### WORK ORDER:
Each line below must be set down exactly; omit any image you find.
Start of DATA FOR PROCESSING
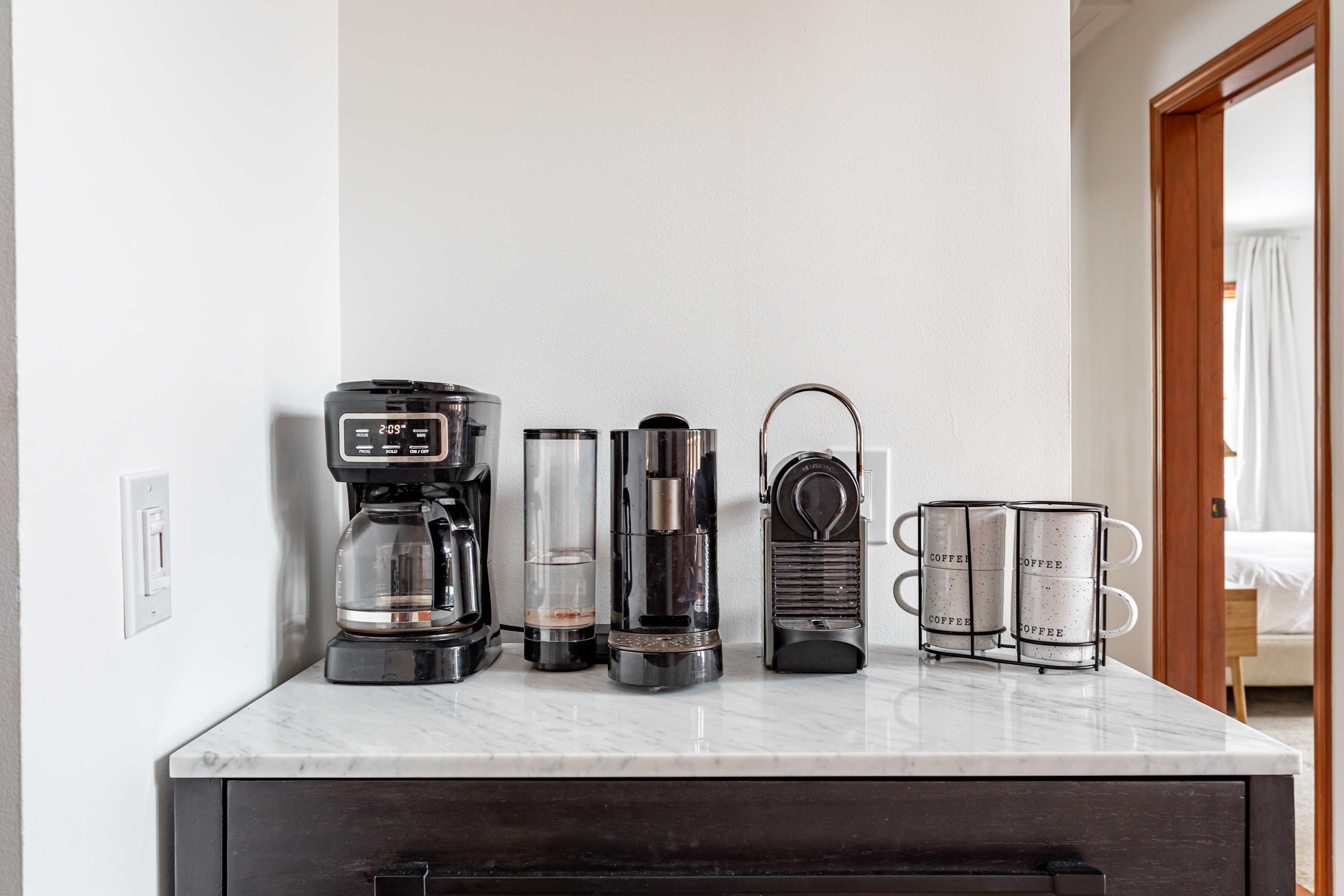 A dedicated coffee station features a white marble countertop with various coffee makers, including a drip coffee machine and two Nespresso machines. A stack of white coffee mugs completes this organized beverage area.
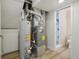 Utility room with new hot water tank, furnace, and access to updated bathroom at 6337 W 68Th Pl, Arvada, CO 80003
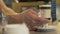 Barista putting prepared coffee latte in glass cup on table in cafe close up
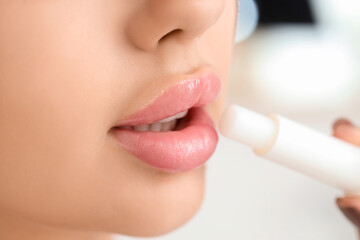 Naklejka premium Beautiful young woman applying lip balm in bathroom, closeup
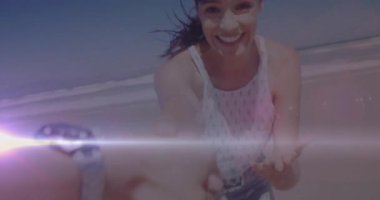 Kumsalda el ele tutuşan, ışık efektleriyle gülümseyen bir kadın. Romantik, tatil, günbatımı, mutluluk, çift, güneş ışığı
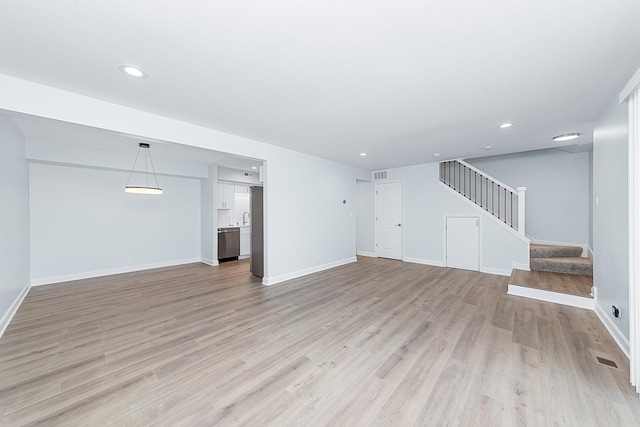 unfurnished living room with visible vents, baseboards, stairs, recessed lighting, and light wood-style flooring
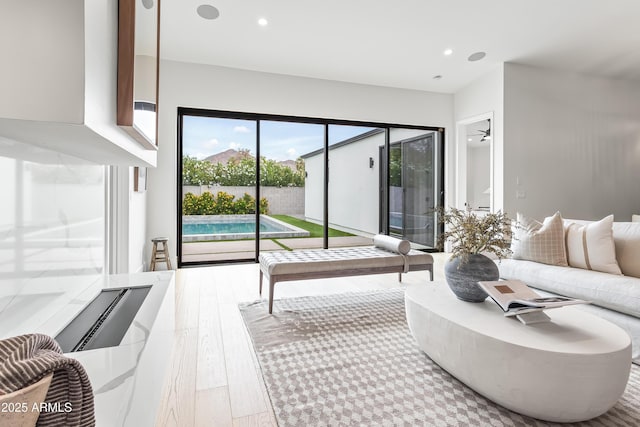 living area featuring wood-type flooring and recessed lighting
End of DATA FOR PROCESSING
### ANSWER SPACE:
 A dedicated coffee station features a white marble countertop with various coffee makers, including a drip coffee machine and two Nespresso machines. A stack of white coffee mugs completes this organized beverage area.
 Utility room with new hot water tank, furnace, and access to updated bathroom at 6337 W 68Th Pl, Arvada, CO 80003
 Barista putting prepared coffee latte in glass cup on table in cafe close up
 Naklejka premium Beautiful young woman applying lip balm in bathroom, closeup
 Kumsalda el ele tutuşan, ışık efektleriyle gülümseyen bir kadın. Romantik, tatil, günbatımı, mutluluk, çift, güneş ışığı
 unfurnished living room with visible vents, baseboards, stairs, recessed lighting, and light wood-style flooring
 living area featuring wood-type flooring and recessed lighting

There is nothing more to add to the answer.